# Do pidgins really exist? Do creoles come from pidgin?

This video features a lesson held by Prof. Michel DeGraff an Haitian Creolist. 
The speech is plain, not controlled and speaker has a strong accent.
No noise.
Google ASR system has been used for automatic captioning the video.
Mistakes in the output will be used as a base to develop the comprehension test and to evaluate the systems performance in different conditions.

## Methodology 

I import all the modules I will need.

In [1]:
import nbconvert
import re
import nltk
import jiwer 
from jiwer import wer
import nltk.corpus 
from nltk.corpus import wordnet
from nltk.corpus import stopwords
import collections
import random
import collections 
print("done!")

done!


## Evaluation metrics

When evaluating a ASR system it's important to keep in mind the nature of the speaker and the condition of the audio, therefore these measurements need to be interpreted accordingly.

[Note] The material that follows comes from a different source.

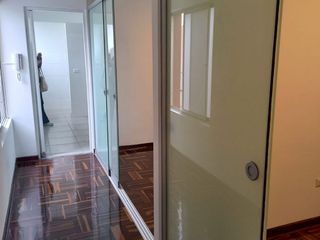 Foto 3 de ALQUILO OFICINA REMODELADA EN LINCE
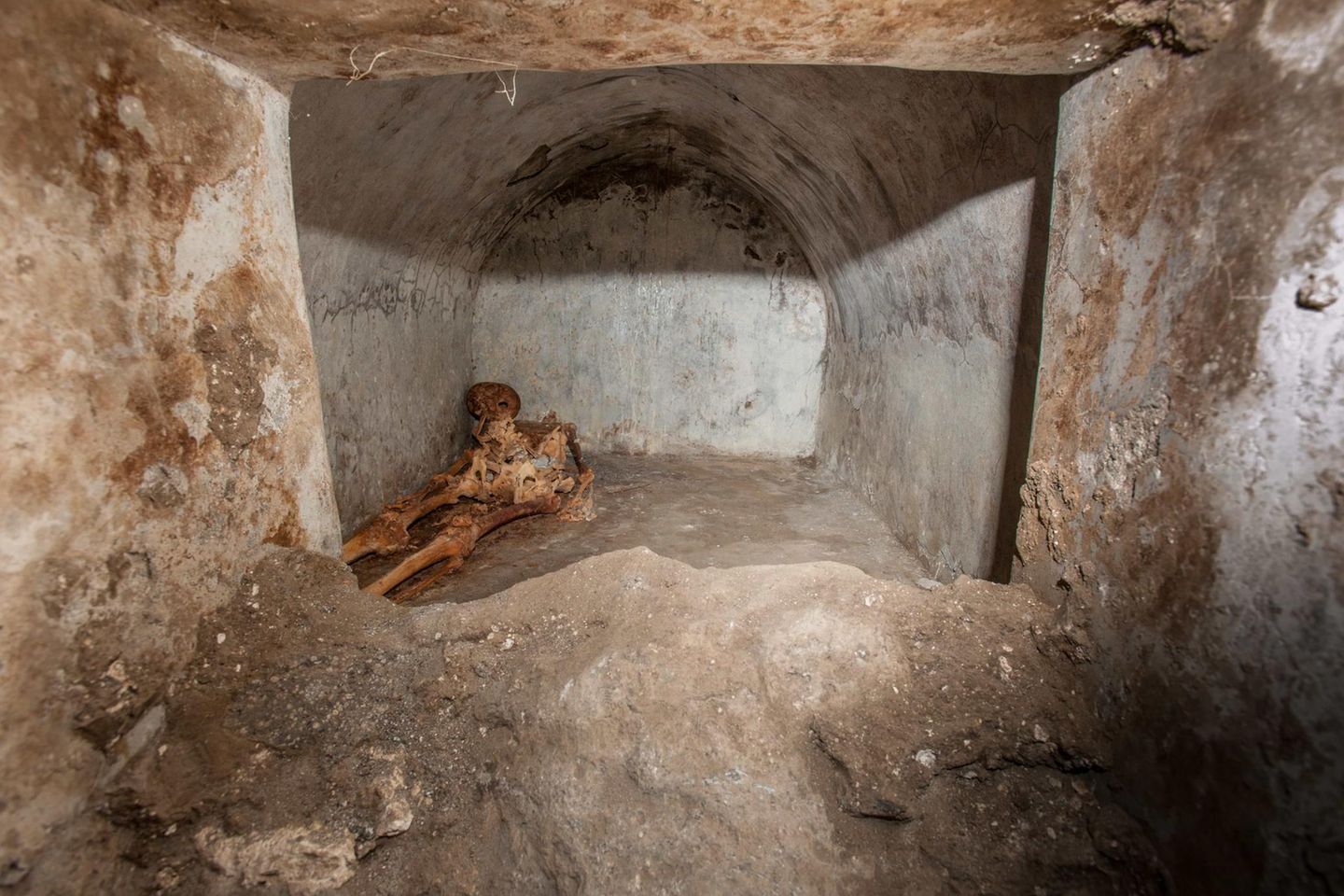 Blick in dasGrab von Marcus Venerius Secundio, einem früheren Sklaven, der nach seiner Freilassung zu Reichtum kam Blick in dasGrab von Marcus Venerius Secundio, einem früheren Sklaven, der nach seiner Freilassung zu Reichtum kam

Word Error Rate (WER) is a comparison measure, it expresses the distance between the word sequence that produces an ASR and the reference series.

WER = (S + D + I) / N1 = (S + D + I) / (H + S + D)

where I = the total number of entries, D = total number of deletions, S = total number of replacements, H = total number of hits, and N1 = total number of reference words.

Cons: it is not a real percentage, it has no upperbound (i.e. WER can be 200%). Used on its own it doesn't tell much about the system performance.

Match Error Rate (MER) is the proportion of I/O word matches, which are errors, which means that is the probability of a given match being incorrect.

MER = (S + D + I) / (N = H + S + D + I) = 1 − H/N

Word Information Lost (WIL) is a simple approximation to the proportion of word information lost.

In [25]:
infile = open("Text files/Transcription.txt", "r", encoding = "utf8")
ref = infile.read().lower()
infile.close()

infile2 = open("Text files/auto_cc.txt", "r", encoding = "utf8")
hyp = infile2.read().lower()
infile.close()

reference = " ".join(re.split(r"\W+", ref))
hypothesis = " ".join(re.split(r"\W+", hyp))

measures = jiwer.compute_measures(reference, hypothesis)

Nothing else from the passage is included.